2. The offensive, defamatory forgery has now been visible for five days on the mobile site – many would agree that fairness and a determination not to persist in false accusations would make fixing it a top priority.
3. Your point 3 is not comprehensible and I have no idea what you’re referring to that happened in 2004.
4. In the context of a thread that slurs Sanger as a racist with two fake citations – one of which has been withdrawn (albeit still visible for some readers), the other of which remains unacknowledged and uncorrected – one should, in my view, refrain from continuing to blacken Sanger’s name because that creates the impression that one is persisting with a false accusation by excusing and justifying the original fakery.
That’s just my view; yours, you say, is different.
5. Preposterous. Dr King stated he received the award in Sanger’s name with pride. This goes directly to the point that it is clearly unfair and inappropriate to denigrate Sanger as a racial bigot.
Good day to you.
It has absolutely no bearing on the matter of whether or not Sanger as a was a racial bigot, and whether or not the quotes attributed to Sanger (accurate or not) are a fair representation of Sanger’s actual views. Because a black man – even a famous one – accepts an award “with pride” that bears the name of some other individual doesn’t mean the name on the award is not the name of a racial bigot.
Dr. King simply might not have known about the true views of Dr. Sanger. Dr.

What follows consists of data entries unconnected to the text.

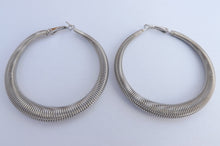 Load image into Gallery viewer, Large Spring Style Silver Tone Hoop Earrings
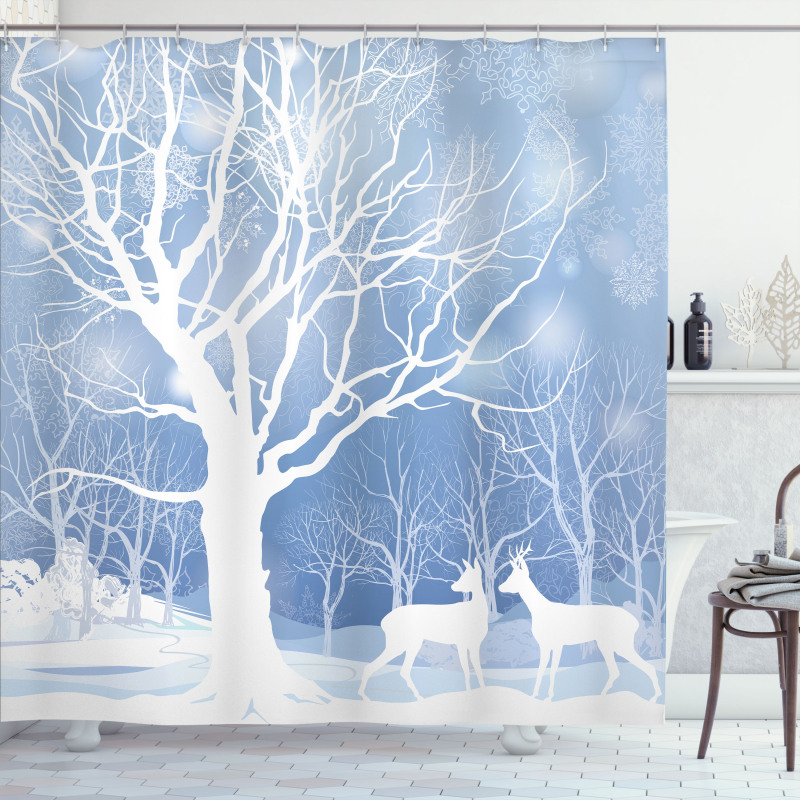 Abstract Winter Deer Shower Curtain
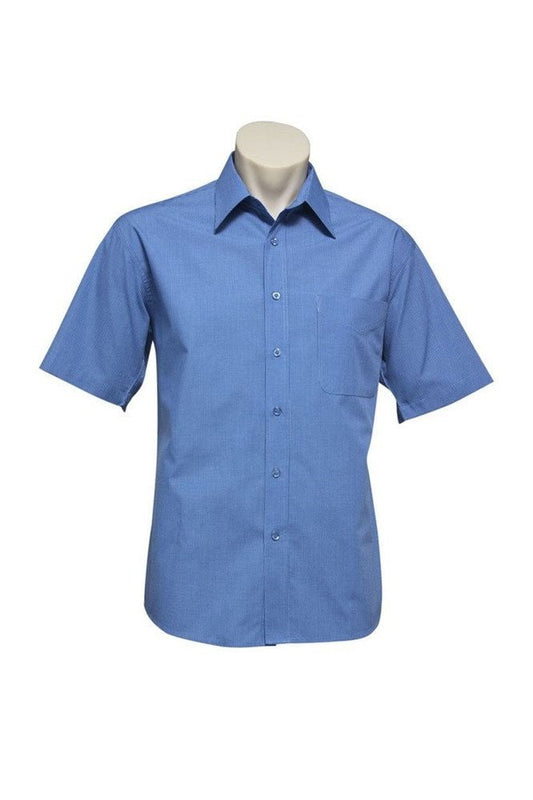 Biz Collection Mens Micro Check Business Shirt Short Sleeve - SH817 - Mid Blue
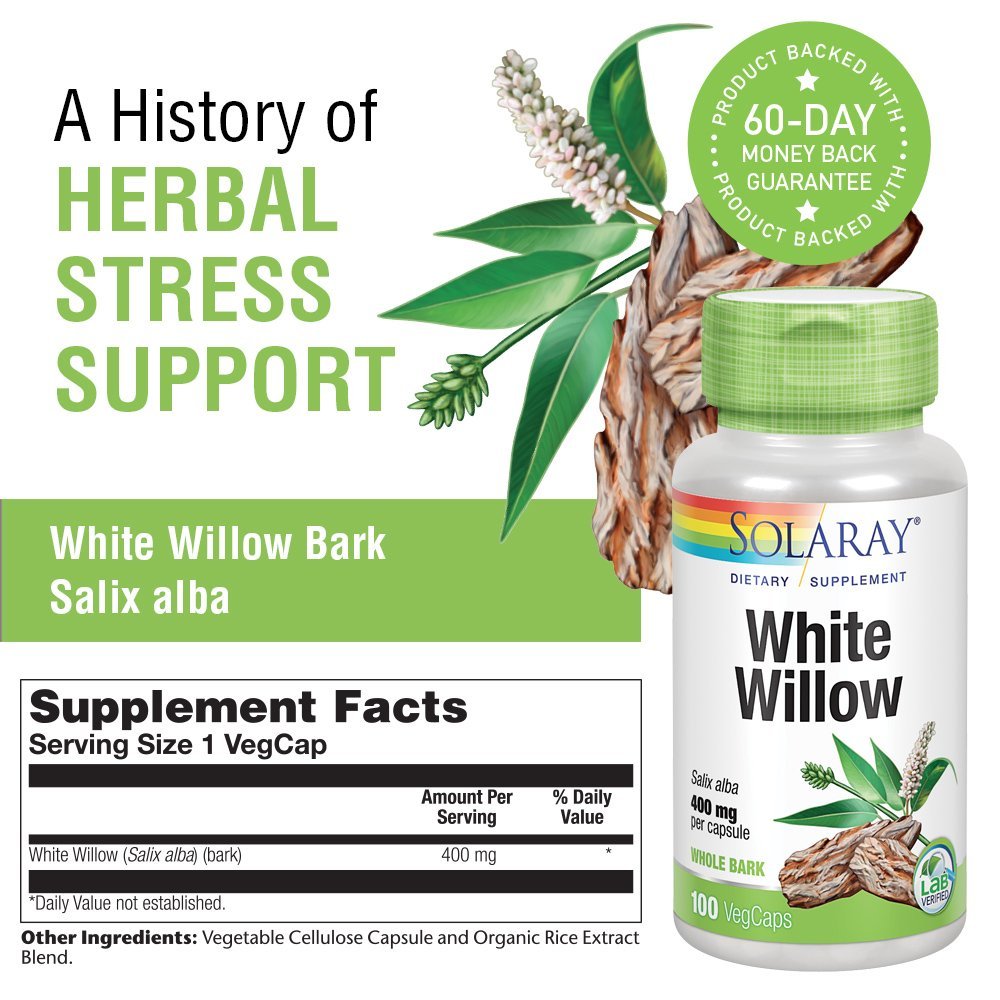 Solaray White Willow Bark 400mg - 100 Capsules   01660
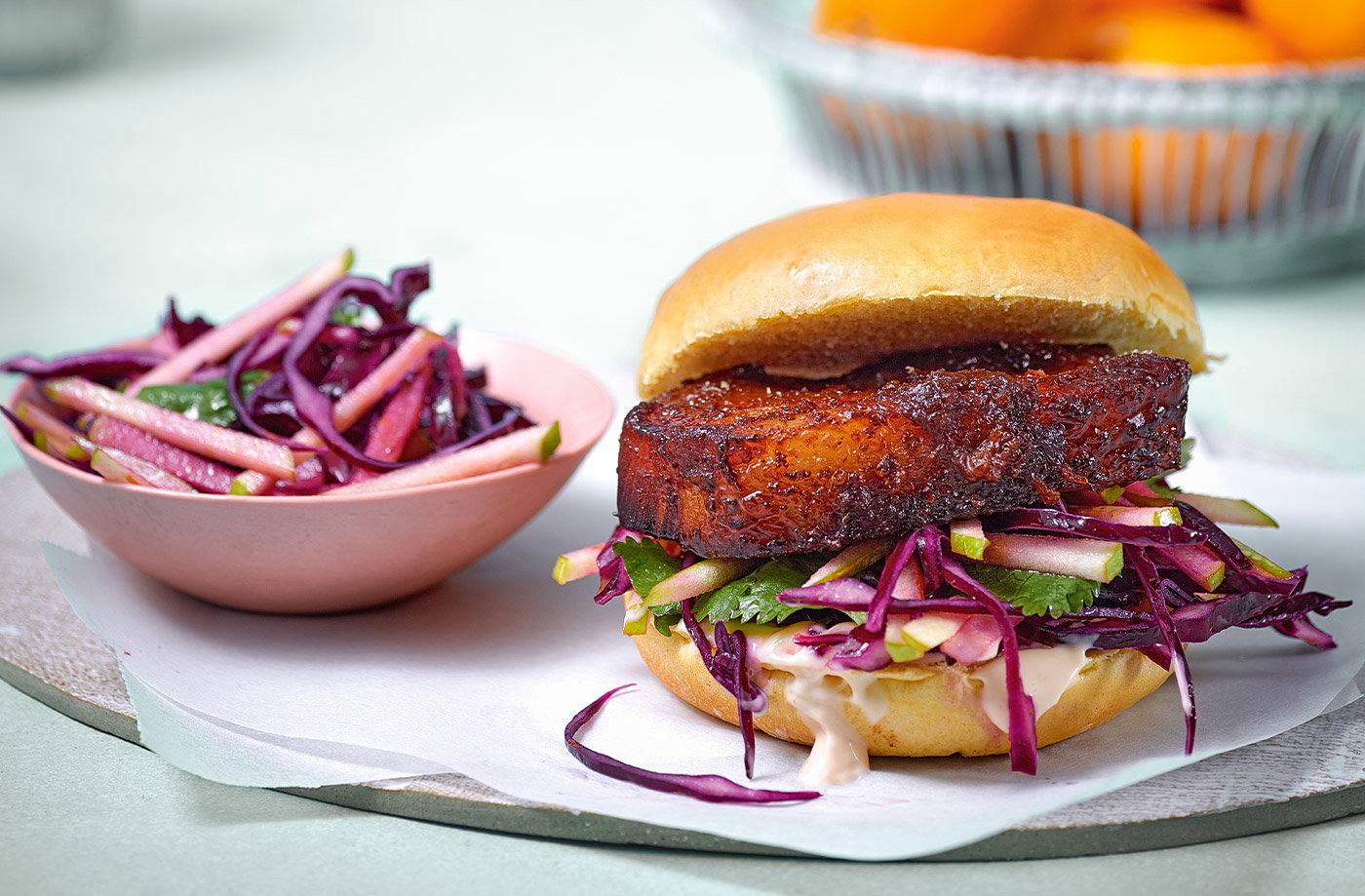 Sticky citrus pork belly buns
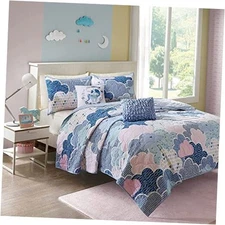 Urban Habitat Kids Reversible Cotton Quilt Set - Vibrant Fun, Twin Cloud Blue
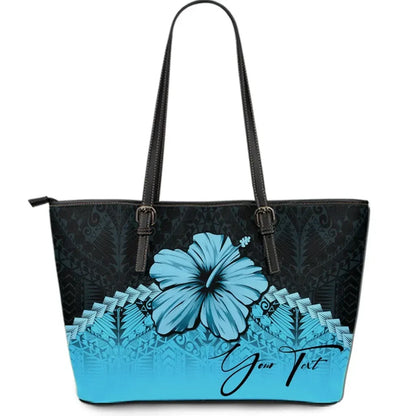 Custom Polynesian Leather Tote Bag Hibiscus Personal Signature Turquoise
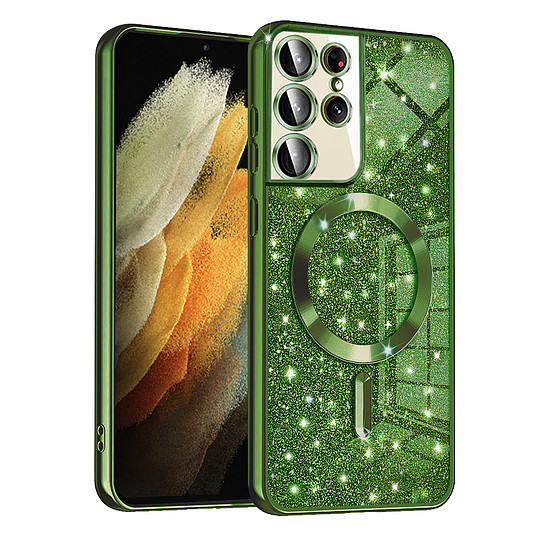 Techsuit - Luxury Glitter MagSafe - Samsung Galaxy S21 Ultra 5G - Deep Green (KF2325059)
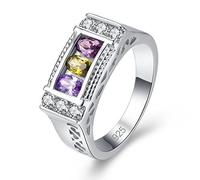 YAZILIND Oval Teardrop Cubic Zirconia Ring Pretty Platinum Plated Wedding Jewellery for Women Size L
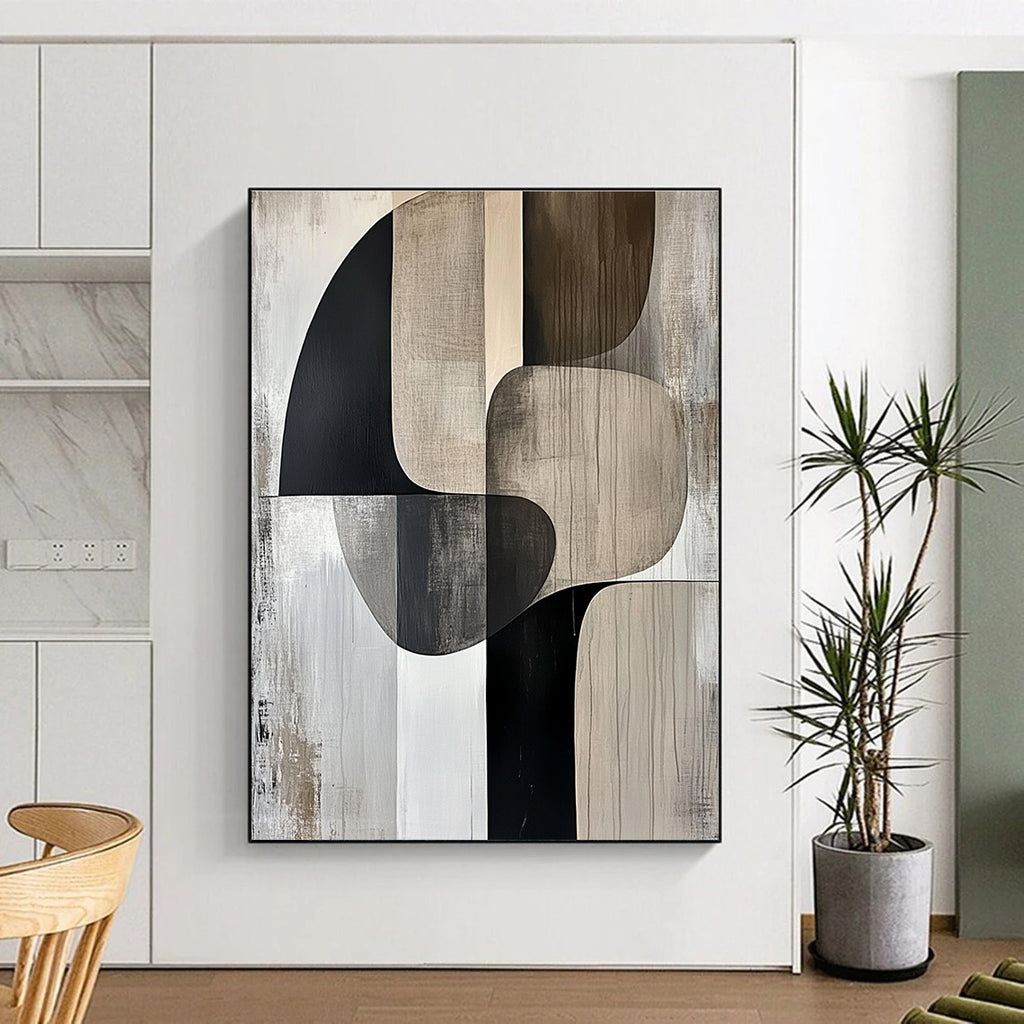 Monochrome Shapes Abstract Painting with Timeless Simplicity WINK694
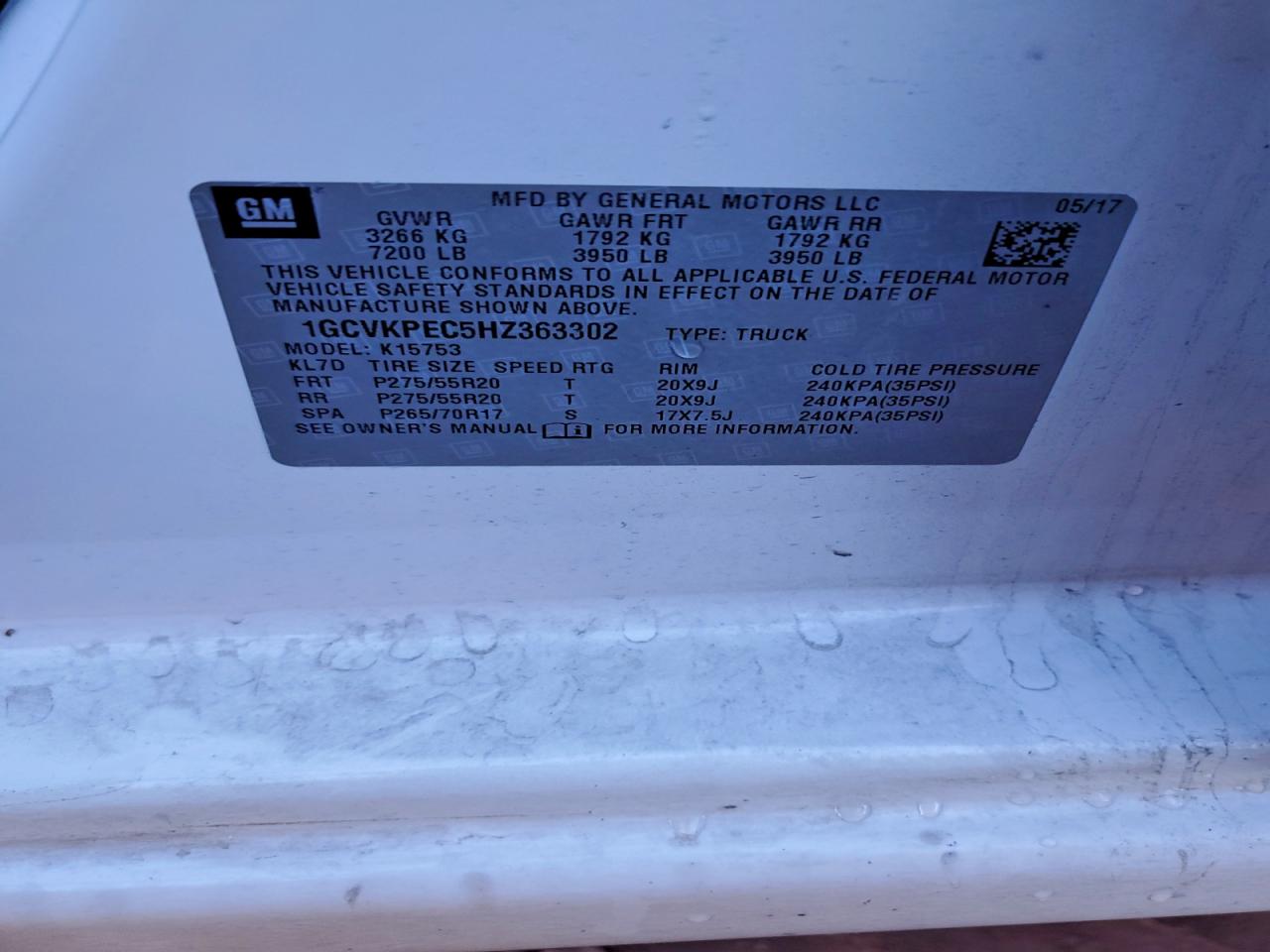 2017 Chevrolet Silverado K1500 Custom VIN: 1GCVKPEC5HZ363302 Lot: 94373065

Sanger and her cronies had an entire disinformation campaign that recruited ministers of many black churches into her cause by use of propaganda and spin.
Many are pained when their heroes – such as Darwin and Sanger – are outed as racial bigots, and attempt a form of apologetics by claiming that “most intellectuals” at the time were racists. Yes, they were – and, thanks to Darwin, their racist views and programs were given the authoritative veneer of science and the intellectual high ground.
You might keep that in mind when atheists attempt to use science to give them and their nihilistic views and programs the supposed intellectual high ground and the authoritative veneer of science in other matters. The persecution of religious beliefs, for example, by atheists under the veneer of science is no different from the persecution of other races and those who vary from the norm physically/mentally in pursuit of some sort of Darwinian concept of “fitness”.